Talk about the nexus between the worlds of commercial real estate and fine art !!
A federal judge has temporarily halted the demolition of the famed 5pointz, a former factory complex located in Long Island City, New York but which is now something very different. 5pointz is truly a sight to behold. It is, according to its own website, “…. an outdoor art exhibit space in Long Island City, New York, considered to be the world’s premiere ‘graffiti Mecca,’ where aerosol artists from around the globe paint colorful pieces on the walls of a 200,000-square-foot factory building ……..On any given day, 5Pointz visitors can expect to find prominent artists, musicians, deejays, Emcees (rappers), and B-boys (break dancers) on site, in addition to filmmakers, photographers, and entire tour buses full of admirers soaking in the more than 350 Technicolor murals…” Here is a link to their website to learn more about the space: http://5ptz.com/about/
But the complex is privately owned and Long Island City real estate values have skyrocketed in recent years. On October 9, 2013, the New York City Council unanimously approved a $400mm plan to replace the existing structures with 1,000 apartments located in 2 towers; one of 47 floors and the other of 41 floors.

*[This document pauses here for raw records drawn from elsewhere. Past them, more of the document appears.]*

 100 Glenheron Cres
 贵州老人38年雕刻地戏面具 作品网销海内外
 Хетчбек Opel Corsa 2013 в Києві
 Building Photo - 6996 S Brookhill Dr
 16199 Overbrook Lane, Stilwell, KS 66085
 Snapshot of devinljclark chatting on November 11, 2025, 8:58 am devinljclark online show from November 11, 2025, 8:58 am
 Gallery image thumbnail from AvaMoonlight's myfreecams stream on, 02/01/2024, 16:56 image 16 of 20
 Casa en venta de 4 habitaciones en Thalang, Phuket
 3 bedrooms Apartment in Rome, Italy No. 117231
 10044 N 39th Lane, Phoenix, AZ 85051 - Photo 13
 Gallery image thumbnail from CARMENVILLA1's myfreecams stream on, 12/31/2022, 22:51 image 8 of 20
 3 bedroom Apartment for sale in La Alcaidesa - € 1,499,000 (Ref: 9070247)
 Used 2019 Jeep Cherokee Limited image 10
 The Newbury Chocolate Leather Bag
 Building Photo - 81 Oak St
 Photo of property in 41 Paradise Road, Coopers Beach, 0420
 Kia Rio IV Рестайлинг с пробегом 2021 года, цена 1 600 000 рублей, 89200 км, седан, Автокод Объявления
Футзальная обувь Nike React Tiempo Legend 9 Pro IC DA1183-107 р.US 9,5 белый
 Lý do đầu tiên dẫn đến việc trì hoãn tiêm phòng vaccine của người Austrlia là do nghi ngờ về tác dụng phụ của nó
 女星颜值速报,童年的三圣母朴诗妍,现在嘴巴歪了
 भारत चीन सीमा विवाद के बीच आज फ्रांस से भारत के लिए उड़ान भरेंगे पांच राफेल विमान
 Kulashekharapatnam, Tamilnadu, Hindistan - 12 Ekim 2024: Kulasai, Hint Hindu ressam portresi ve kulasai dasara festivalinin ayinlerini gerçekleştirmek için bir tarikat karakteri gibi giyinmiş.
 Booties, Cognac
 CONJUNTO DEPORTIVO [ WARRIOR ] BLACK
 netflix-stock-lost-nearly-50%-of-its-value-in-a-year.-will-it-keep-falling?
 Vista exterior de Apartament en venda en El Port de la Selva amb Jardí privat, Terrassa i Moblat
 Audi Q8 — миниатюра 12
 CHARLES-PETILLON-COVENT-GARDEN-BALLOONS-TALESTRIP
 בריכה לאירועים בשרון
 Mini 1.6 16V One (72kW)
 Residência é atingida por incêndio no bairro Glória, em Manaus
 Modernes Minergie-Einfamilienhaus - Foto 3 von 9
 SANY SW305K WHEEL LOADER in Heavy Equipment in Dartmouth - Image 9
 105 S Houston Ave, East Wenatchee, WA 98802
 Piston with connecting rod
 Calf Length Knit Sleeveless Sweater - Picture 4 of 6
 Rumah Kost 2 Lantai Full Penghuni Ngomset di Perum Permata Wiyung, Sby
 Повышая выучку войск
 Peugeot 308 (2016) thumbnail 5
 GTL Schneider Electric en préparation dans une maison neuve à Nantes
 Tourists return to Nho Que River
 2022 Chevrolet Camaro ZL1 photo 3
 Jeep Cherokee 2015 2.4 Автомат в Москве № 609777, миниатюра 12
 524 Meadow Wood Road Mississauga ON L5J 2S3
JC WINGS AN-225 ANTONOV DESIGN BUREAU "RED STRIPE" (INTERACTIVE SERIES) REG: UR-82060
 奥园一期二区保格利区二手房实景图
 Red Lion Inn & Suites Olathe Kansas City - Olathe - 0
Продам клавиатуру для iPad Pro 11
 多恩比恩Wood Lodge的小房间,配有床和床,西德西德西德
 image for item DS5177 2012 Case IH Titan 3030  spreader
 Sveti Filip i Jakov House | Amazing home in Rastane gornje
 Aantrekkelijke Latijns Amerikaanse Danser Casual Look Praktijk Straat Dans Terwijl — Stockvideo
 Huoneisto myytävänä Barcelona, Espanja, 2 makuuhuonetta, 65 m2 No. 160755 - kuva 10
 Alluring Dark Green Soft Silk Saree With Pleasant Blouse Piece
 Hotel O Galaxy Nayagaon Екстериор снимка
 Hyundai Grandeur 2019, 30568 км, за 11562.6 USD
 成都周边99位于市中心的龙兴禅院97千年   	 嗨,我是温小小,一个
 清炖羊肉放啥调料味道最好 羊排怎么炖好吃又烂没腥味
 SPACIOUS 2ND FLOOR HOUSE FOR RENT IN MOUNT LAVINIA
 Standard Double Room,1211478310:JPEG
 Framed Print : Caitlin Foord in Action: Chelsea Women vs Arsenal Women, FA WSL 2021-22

But what about the rights of the graffiti artists?
A 1990 federal statute, little known outside the fine art world, appears to have induced Federal Judge Frederic Block to slow the demolition process down to enable a closer look at the issues. The statute is known as VARA (“Visual Artists Rights Act”) and, among many other things and upon certain conditions, it affords artists the right to prevent the destruction or mutilation of their work. The thrust of the artists’ complaint is that the buildings’ demolition will destroy their artistic works in violation of VARA. By granting a temporary stay, Judge Block seems to think that the claims may have potential for merit. An evidentiary hearing has been scheduled to commence on November 6, 2013.
There are many issues at play. For example, is graffiti art of a recognized stature so as to qualify for protection under VARA, that is, is a tag artist entitled to the same protection against the destruction of his work as a Damien Hirst or a Jeff Koons? Does the artwork qualify as “work for hire” which would vest sole control and custody to the building owner? Is the art “site specific” so that any attempt at relocation would destroy the work?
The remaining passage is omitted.